- _Data shown_
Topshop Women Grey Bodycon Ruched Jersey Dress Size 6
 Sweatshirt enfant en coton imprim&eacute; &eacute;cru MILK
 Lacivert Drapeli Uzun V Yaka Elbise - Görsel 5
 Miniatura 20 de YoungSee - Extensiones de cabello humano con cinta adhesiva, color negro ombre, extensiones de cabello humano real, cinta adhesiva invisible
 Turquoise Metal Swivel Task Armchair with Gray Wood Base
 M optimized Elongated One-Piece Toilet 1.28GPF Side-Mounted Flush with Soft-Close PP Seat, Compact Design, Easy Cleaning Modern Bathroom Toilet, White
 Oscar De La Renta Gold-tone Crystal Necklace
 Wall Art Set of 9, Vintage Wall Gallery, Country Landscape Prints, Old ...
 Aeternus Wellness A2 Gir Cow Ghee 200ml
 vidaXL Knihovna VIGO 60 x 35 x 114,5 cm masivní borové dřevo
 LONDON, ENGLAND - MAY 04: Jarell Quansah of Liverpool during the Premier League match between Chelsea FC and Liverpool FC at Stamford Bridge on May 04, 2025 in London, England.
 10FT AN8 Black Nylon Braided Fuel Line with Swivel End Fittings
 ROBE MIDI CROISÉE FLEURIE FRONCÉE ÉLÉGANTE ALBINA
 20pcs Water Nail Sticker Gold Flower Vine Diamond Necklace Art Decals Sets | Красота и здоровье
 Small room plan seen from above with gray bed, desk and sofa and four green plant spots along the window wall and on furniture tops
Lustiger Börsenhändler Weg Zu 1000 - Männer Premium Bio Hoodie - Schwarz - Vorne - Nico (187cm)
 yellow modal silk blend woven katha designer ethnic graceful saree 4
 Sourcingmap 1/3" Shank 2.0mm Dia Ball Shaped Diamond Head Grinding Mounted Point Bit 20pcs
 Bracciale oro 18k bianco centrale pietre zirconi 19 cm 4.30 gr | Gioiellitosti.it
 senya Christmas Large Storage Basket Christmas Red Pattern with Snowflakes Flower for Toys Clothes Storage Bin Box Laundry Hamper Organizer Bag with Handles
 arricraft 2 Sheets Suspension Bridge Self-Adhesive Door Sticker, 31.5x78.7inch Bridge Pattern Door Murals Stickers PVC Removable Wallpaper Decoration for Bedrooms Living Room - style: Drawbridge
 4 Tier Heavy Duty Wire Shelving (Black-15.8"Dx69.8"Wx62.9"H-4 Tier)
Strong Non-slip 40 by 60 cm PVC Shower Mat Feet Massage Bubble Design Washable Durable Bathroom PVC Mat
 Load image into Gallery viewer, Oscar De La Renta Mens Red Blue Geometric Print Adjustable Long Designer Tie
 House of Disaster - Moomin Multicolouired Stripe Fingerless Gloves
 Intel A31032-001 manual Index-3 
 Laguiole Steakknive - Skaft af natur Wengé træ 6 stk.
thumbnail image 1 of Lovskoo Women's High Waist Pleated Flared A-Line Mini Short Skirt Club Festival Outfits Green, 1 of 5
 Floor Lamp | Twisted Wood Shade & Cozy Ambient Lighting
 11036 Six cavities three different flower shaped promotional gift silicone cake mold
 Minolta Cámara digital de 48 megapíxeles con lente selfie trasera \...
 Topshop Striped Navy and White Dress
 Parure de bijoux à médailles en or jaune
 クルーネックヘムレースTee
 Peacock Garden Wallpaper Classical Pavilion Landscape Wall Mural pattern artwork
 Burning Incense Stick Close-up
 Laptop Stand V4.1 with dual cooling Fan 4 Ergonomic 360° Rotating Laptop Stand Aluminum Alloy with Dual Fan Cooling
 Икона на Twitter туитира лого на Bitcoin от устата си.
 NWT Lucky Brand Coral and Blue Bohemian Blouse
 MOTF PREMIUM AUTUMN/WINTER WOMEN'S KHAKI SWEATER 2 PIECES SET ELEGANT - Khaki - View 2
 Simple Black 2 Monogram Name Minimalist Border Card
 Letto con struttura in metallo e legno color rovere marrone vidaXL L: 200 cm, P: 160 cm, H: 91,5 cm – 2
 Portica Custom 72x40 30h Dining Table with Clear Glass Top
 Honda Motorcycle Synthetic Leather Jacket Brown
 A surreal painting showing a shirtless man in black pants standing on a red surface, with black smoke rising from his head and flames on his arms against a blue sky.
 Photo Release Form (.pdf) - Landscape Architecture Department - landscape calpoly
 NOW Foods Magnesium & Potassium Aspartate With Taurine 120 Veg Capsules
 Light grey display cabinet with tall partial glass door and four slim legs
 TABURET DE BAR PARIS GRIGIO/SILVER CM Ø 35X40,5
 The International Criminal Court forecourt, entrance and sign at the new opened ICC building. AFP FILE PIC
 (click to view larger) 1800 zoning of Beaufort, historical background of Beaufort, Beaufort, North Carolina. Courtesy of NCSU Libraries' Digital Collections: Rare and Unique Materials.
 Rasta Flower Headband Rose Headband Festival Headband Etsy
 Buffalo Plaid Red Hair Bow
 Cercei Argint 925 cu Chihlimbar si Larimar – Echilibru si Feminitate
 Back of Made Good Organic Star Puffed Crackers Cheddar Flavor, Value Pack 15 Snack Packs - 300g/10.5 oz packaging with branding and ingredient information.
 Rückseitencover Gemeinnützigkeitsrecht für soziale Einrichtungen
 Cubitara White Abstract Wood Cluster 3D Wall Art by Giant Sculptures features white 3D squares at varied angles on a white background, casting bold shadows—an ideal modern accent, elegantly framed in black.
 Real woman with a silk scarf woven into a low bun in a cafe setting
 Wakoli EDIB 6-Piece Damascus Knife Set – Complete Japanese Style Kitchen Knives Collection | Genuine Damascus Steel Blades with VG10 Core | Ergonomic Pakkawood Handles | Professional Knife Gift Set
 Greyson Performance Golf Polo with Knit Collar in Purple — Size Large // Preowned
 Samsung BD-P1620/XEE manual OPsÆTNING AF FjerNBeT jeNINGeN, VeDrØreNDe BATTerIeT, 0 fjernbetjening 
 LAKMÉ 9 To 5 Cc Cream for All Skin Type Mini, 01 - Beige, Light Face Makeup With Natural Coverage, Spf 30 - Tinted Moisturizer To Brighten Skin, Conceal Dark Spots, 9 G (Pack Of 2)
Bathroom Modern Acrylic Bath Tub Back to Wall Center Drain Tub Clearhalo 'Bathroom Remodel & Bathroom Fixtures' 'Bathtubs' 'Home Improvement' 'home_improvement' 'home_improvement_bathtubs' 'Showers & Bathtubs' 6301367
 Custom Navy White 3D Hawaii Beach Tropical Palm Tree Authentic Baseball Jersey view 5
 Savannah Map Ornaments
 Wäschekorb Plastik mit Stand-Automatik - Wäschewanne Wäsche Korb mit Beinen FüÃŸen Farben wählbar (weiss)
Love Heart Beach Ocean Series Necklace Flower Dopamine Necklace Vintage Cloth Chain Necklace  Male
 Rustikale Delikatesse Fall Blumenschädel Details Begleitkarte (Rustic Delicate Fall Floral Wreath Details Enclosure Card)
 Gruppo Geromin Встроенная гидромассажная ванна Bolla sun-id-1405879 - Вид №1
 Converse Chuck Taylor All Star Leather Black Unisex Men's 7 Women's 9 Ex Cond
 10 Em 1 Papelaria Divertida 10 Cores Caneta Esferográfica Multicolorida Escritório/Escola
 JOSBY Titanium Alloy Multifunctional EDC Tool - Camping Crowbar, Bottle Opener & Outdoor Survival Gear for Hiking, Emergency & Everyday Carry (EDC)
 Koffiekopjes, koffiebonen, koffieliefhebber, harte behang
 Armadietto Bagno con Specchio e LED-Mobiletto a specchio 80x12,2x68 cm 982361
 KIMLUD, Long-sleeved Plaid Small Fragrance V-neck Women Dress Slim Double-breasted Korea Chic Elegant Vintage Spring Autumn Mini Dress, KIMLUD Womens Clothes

- _What to work on_
Transcribe every record exactly.

- _Task answer_
Topshop Women Grey Bodycon Ruched Jersey Dress Size 6
 Sweatshirt enfant en coton imprim&eacute; &eacute;cru MILK
 Lacivert Drapeli Uzun V Yaka Elbise - Görsel 5
 Miniatura 20 de YoungSee - Extensiones de cabello humano con cinta adhesiva, color negro ombre, extensiones de cabello humano real, cinta adhesiva invisible
 Turquoise Metal Swivel Task Armchair with Gray Wood Base
 M optimized Elongated One-Piece Toilet 1.28GPF Side-Mounted Flush with Soft-Close PP Seat, Compact Design, Easy Cleaning Modern Bathroom Toilet, White
 Oscar De La Renta Gold-tone Crystal Necklace
 Wall Art Set of 9, Vintage Wall Gallery, Country Landscape Prints, Old ...
 Aeternus Wellness A2 Gir Cow Ghee 200ml
 vidaXL Knihovna VIGO 60 x 35 x 114,5 cm masivní borové dřevo
 LONDON, ENGLAND - MAY 04: Jarell Quansah of Liverpool during the Premier League match between Chelsea FC and Liverpool FC at Stamford Bridge on May 04, 2025 in London, England.
 10FT AN8 Black Nylon Braided Fuel Line with Swivel End Fittings
 ROBE MIDI CROISÉE FLEURIE FRONCÉE ÉLÉGANTE ALBINA
 20pcs Water Nail Sticker Gold Flower Vine Diamond Necklace Art Decals Sets | Красота и здоровье
 Small room plan seen from above with gray bed, desk and sofa and four green plant spots along the window wall and on furniture tops
Lustiger Börsenhändler Weg Zu 1000 - Männer Premium Bio Hoodie - Schwarz - Vorne - Nico (187cm)
 yellow modal silk blend woven katha designer ethnic graceful saree 4
 Sourcingmap 1/3" Shank 2.0mm Dia Ball Shaped Diamond Head Grinding Mounted Point Bit 20pcs
 Bracciale oro 18k bianco centrale pietre zirconi 19 cm 4.30 gr | Gioiellitosti.it
 senya Christmas Large Storage Basket Christmas Red Pattern with Snowflakes Flower for Toys Clothes Storage Bin Box Laundry Hamper Organizer Bag with Handles
 arricraft 2 Sheets Suspension Bridge Self-Adhesive Door Sticker, 31.5x78.7inch Bridge Pattern Door Murals Stickers PVC Removable Wallpaper Decoration for Bedrooms Living Room - style: Drawbridge
 4 Tier Heavy Duty Wire Shelving (Black-15.8"Dx69.8"Wx62.9"H-4 Tier)
Strong Non-slip 40 by 60 cm PVC Shower Mat Feet Massage Bubble Design Washable Durable Bathroom PVC Mat
 Load image into Gallery viewer, Oscar De La Renta Mens Red Blue Geometric Print Adjustable Long Designer Tie
 House of Disaster - Moomin Multicolouired Stripe Fingerless Gloves
 Intel A31032-001 manual Index-3 
 Laguiole Steakknive - Skaft af natur Wengé træ 6 stk.
thumbnail image 1 of Lovskoo Women's High Waist Pleated Flared A-Line Mini Short Skirt Club Festival Outfits Green, 1 of 5
 Floor Lamp | Twisted Wood Shade & Cozy Ambient Lighting
 11036 Six cavities three different flower shaped promotional gift silicone cake mold
 Minolta Cámara digital de 48 megapíxeles con lente selfie trasera \...
 Topshop Striped Navy and White Dress
 Parure de bijoux à médailles en or jaune
 クルーネックヘムレースTee
 Peacock Garden Wallpaper Classical Pavilion Landscape Wall Mural pattern artwork
 Burning Incense Stick Close-up
 Laptop Stand V4.1 with dual cooling Fan 4 Ergonomic 360° Rotating Laptop Stand Aluminum Alloy with Dual Fan Cooling
 Икона на Twitter туитира лого на Bitcoin от устата си.
 NWT Lucky Brand Coral and Blue Bohemian Blouse
 MOTF PREMIUM AUTUMN/WINTER WOMEN'S KHAKI SWEATER 2 PIECES SET ELEGANT - Khaki - View 2
 Simple Black 2 Monogram Name Minimalist Border Card
 Letto con struttura in metallo e legno color rovere marrone vidaXL L: 200 cm, P: 160 cm, H: 91,5 cm – 2
 Portica Custom 72x40 30h Dining Table with Clear Glass Top
 Honda Motorcycle Synthetic Leather Jacket Brown
 A surreal painting showing a shirtless man in black pants standing on a red surface, with black smoke rising from his head and flames on his arms against a blue sky.
 Photo Release Form (.pdf) - Landscape Architecture Department - landscape calpoly
 NOW Foods Magnesium & Potassium Aspartate With Taurine 120 Veg Capsules
 Light grey display cabinet with tall partial glass door and four slim legs
 TABURET DE BAR PARIS GRIGIO/SILVER CM Ø 35X40,5
 The International Criminal Court forecourt, entrance and sign at the new opened ICC building. AFP FILE PIC
 (click to view larger) 1800 zoning of Beaufort, historical background of Beaufort, Beaufort, North Carolina. Courtesy of NCSU Libraries' Digital Collections: Rare and Unique Materials.
 Rasta Flower Headband Rose Headband Festival Headband Etsy
 Buffalo Plaid Red Hair Bow
 Cercei Argint 925 cu Chihlimbar si Larimar – Echilibru si Feminitate
 Back of Made Good Organic Star Puffed Crackers Cheddar Flavor, Value Pack 15 Snack Packs - 300g/10.5 oz packaging with branding and ingredient information.
 Rückseitencover Gemeinnützigkeitsrecht für soziale Einrichtungen
 Cubitara White Abstract Wood Cluster 3D Wall Art by Giant Sculptures features white 3D squares at varied angles on a white background, casting bold shadows—an ideal modern accent, elegantly framed in black.
 Real woman with a silk scarf woven into a low bun in a cafe setting
 Wakoli EDIB 6-Piece Damascus Knife Set – Complete Japanese Style Kitchen Knives Collection | Genuine Damascus Steel Blades with VG10 Core | Ergonomic Pakkawood Handles | Professional Knife Gift Set
 Greyson Performance Golf Polo with Knit Collar in Purple — Size Large // Preowned
 Samsung BD-P1620/XEE manual OPsÆTNING AF FjerNBeT jeNINGeN, VeDrØreNDe BATTerIeT, 0 fjernbetjening 
 LAKMÉ 9 To 5 Cc Cream for All Skin Type Mini, 01 - Beige, Light Face Makeup With Natural Coverage, Spf 30 - Tinted Moisturizer To Brighten Skin, Conceal Dark Spots, 9 G (Pack Of 2)
Bathroom Modern Acrylic Bath Tub Back to Wall Center Drain Tub Clearhalo 'Bathroom Remodel & Bathroom Fixtures' 'Bathtubs' 'Home Improvement' 'home_improvement' 'home_improvement_bathtubs' 'Showers & Bathtubs' 6301367
 Custom Navy White 3D Hawaii Beach Tropical Palm Tree Authentic Baseball Jersey view 5
 Savannah Map Ornaments
 Wäschekorb Plastik mit Stand-Automatik - Wäschewanne Wäsche Korb mit Beinen FüÃŸen Farben wählbar (weiss)
Love Heart Beach Ocean Series Necklace Flower Dopamine Necklace Vintage Cloth Chain Necklace  Male
 Rustikale Delikatesse Fall Blumenschädel Details Begleitkarte (Rustic Delicate Fall Floral Wreath Details Enclosure Card)
 Gruppo Geromin Встроенная гидромассажная ванна Bolla sun-id-1405879 - Вид №1
 Converse Chuck Taylor All Star Leather Black Unisex Men's 7 Women's 9 Ex Cond
 10 Em 1 Papelaria Divertida 10 Cores Caneta Esferográfica Multicolorida Escritório/Escola
 JOSBY Titanium Alloy Multifunctional EDC Tool - Camping Crowbar, Bottle Opener & Outdoor Survival Gear for Hiking, Emergency & Everyday Carry (EDC)
 Koffiekopjes, koffiebonen, koffieliefhebber, harte behang
 Armadietto Bagno con Specchio e LED-Mobiletto a specchio 80x12,2x68 cm 982361
 KIMLUD, Long-sleeved Plaid Small Fragrance V-neck Women Dress Slim Double-breasted Korea Chic Elegant Vintage Spring Autumn Mini Dress, KIMLUD Womens Clothes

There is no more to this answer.